Dictionaries, Encyclopedias and Wikipedia: These are valid starting points, but should not appear as citations in papers. Dictionary definitions are not needed. I have a dictionary. The only exception is if you want to do research in one of the historical dictionaries like the Oxford English Dictionary (was thirty volumes or so before it went online). You can start your research on Wikipedia but it is often wrong, and despite its intention to be objective and neutral, it is often biased toward its mostly white, geeky, male authors. Many of the sources used are outdated, and better ones usually exist that the volunteer author did not know of. Nonetheless, you can use it as a starting point if you keep all this in mind by seeing what sources they used and following the citations to get started. Whatever you do, do not end your research with Wikipedia or any other encyclopedia, and don't bother citing it. get the actual sources.
Online Notes: You need a note for any sources used. You will need to put your references, one each, in note files, formatted correctly (Zotero’s copy function is your friend here, but you will need to look in the help to find out how to copy a full note in your citation format (Chicago full note). Regular Ctrl-C won’t work. If you use a reference on more than one page, you can reuse them.
Links in Online Notes: Where you can, create a link to the piece being referenced. Make sure the link is accessible to people who are not logged in as you! Usually articles have a permanent public access url somewhere on the article site. Don’t use any superlong urls since they include info that makes them only work for you at that specific time. You can create your notes using the notes function in the edit toolbar of Scalar. See Nalani Roe’s piece for examples of how to do this.
Online Media: For all media (video, audio, images, etc.) you also need to flesh out the citation and description to be more informative. Who made the media file? What is it about? where was it made? What is its title? What is the source of the image? The source url should point there, not to a page in your project, even if you imported the media file. Incorporate a point or two from the video into the text to reinforce its meaning.

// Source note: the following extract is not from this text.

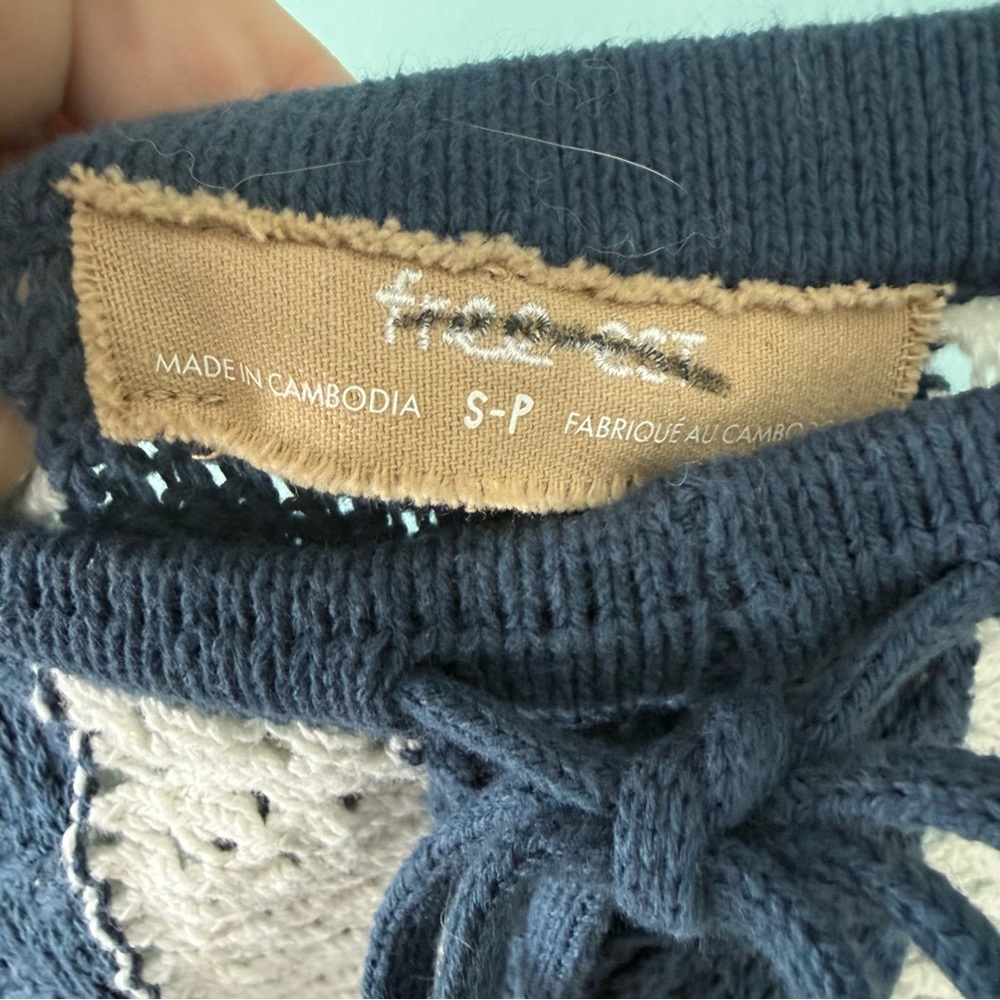 Free People Joan Fauxchet Crochet Set Size S One Shoulder Top Low Rise wide Leg - Picture 14 of 16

Video and Audio in Scalar: Embed the video on a regular Scalar page and then annotate it to play just the part that makes your point, and then introduce and reinforce that point using text too. See Scalar help pages on embedding media and annotating it. For a good example of an annotated audio file (applies to video too), see this Scalar project, Black Avatars, by David A.M. Goldberg.
Online Hypertext See if you can make multiple paths through your project that emphasize different things rather than just having a single linear path, which might as well just be a traditional paper then. You might want to chart out your paths and nodes (pages) and links on a VUE map to clear things up.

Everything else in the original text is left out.